• **AIM OF THE EXERCISE**
The response must reproduce every record below without alteration.
● ● ● ● ●
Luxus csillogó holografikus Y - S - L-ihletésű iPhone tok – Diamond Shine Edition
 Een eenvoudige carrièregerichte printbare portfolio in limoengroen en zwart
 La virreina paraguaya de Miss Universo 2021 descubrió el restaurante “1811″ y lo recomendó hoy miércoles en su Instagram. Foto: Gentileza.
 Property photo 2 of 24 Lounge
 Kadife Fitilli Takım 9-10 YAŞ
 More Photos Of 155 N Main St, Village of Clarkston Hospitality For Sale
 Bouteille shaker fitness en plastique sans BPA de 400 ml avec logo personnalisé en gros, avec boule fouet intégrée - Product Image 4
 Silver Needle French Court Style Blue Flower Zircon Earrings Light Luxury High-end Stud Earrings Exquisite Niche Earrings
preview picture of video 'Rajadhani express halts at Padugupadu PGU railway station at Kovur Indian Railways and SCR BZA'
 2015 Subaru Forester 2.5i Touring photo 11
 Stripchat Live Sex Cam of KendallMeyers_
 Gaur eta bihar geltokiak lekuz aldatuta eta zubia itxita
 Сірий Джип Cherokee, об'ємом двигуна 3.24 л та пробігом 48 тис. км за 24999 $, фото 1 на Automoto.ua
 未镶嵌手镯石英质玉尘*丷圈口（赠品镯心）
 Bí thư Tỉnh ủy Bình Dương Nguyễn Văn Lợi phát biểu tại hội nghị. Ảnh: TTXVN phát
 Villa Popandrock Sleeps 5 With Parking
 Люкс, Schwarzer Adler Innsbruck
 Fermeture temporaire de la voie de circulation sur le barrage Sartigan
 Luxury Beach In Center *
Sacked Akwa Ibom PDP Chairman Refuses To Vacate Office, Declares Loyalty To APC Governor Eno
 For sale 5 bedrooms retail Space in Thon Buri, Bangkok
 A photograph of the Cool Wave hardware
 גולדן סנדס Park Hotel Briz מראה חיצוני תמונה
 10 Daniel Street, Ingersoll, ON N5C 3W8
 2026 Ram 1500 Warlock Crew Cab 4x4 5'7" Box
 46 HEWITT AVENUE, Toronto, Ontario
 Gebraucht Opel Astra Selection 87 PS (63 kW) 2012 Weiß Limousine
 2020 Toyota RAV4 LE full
● ● ● ● ●
• **RESPONSE TO THE EXERCISE**
Luxus csillogó holografikus Y - S - L-ihletésű iPhone tok – Diamond Shine Edition
 Een eenvoudige carrièregerichte printbare portfolio in limoengroen en zwart
 La virreina paraguaya de Miss Universo 2021 descubrió el restaurante “1811″ y lo recomendó hoy miércoles en su Instagram. Foto: Gentileza.
 Property photo 2 of 24 Lounge
 Kadife Fitilli Takım 9-10 YAŞ
 More Photos Of 155 N Main St, Village of Clarkston Hospitality For Sale
 Bouteille shaker fitness en plastique sans BPA de 400 ml avec logo personnalisé en gros, avec boule fouet intégrée - Product Image 4
 Silver Needle French Court Style Blue Flower Zircon Earrings Light Luxury High-end Stud Earrings Exquisite Niche Earrings
preview picture of video 'Rajadhani express halts at Padugupadu PGU railway station at Kovur Indian Railways and SCR BZA'
 2015 Subaru Forester 2.5i Touring photo 11
 Stripchat Live Sex Cam of KendallMeyers_
 Gaur eta bihar geltokiak lekuz aldatuta eta zubia itxita
 Сірий Джип Cherokee, об'ємом двигуна 3.24 л та пробігом 48 тис. км за 24999 $, фото 1 на Automoto.ua
 未镶嵌手镯石英质玉尘*丷圈口（赠品镯心）
 Bí thư Tỉnh ủy Bình Dương Nguyễn Văn Lợi phát biểu tại hội nghị. Ảnh: TTXVN phát
 Villa Popandrock Sleeps 5 With Parking
 Люкс, Schwarzer Adler Innsbruck
 Fermeture temporaire de la voie de circulation sur le barrage Sartigan
 Luxury Beach In Center *
Sacked Akwa Ibom PDP Chairman Refuses To Vacate Office, Declares Loyalty To APC Governor Eno
 For sale 5 bedrooms retail Space in Thon Buri, Bangkok
 A photograph of the Cool Wave hardware
 גולדן סנדס Park Hotel Briz מראה חיצוני תמונה
 10 Daniel Street, Ingersoll, ON N5C 3W8
 2026 Ram 1500 Warlock Crew Cab 4x4 5'7" Box
 46 HEWITT AVENUE, Toronto, Ontario
 Gebraucht Opel Astra Selection 87 PS (63 kW) 2012 Weiß Limousine
 2020 Toyota RAV4 LE full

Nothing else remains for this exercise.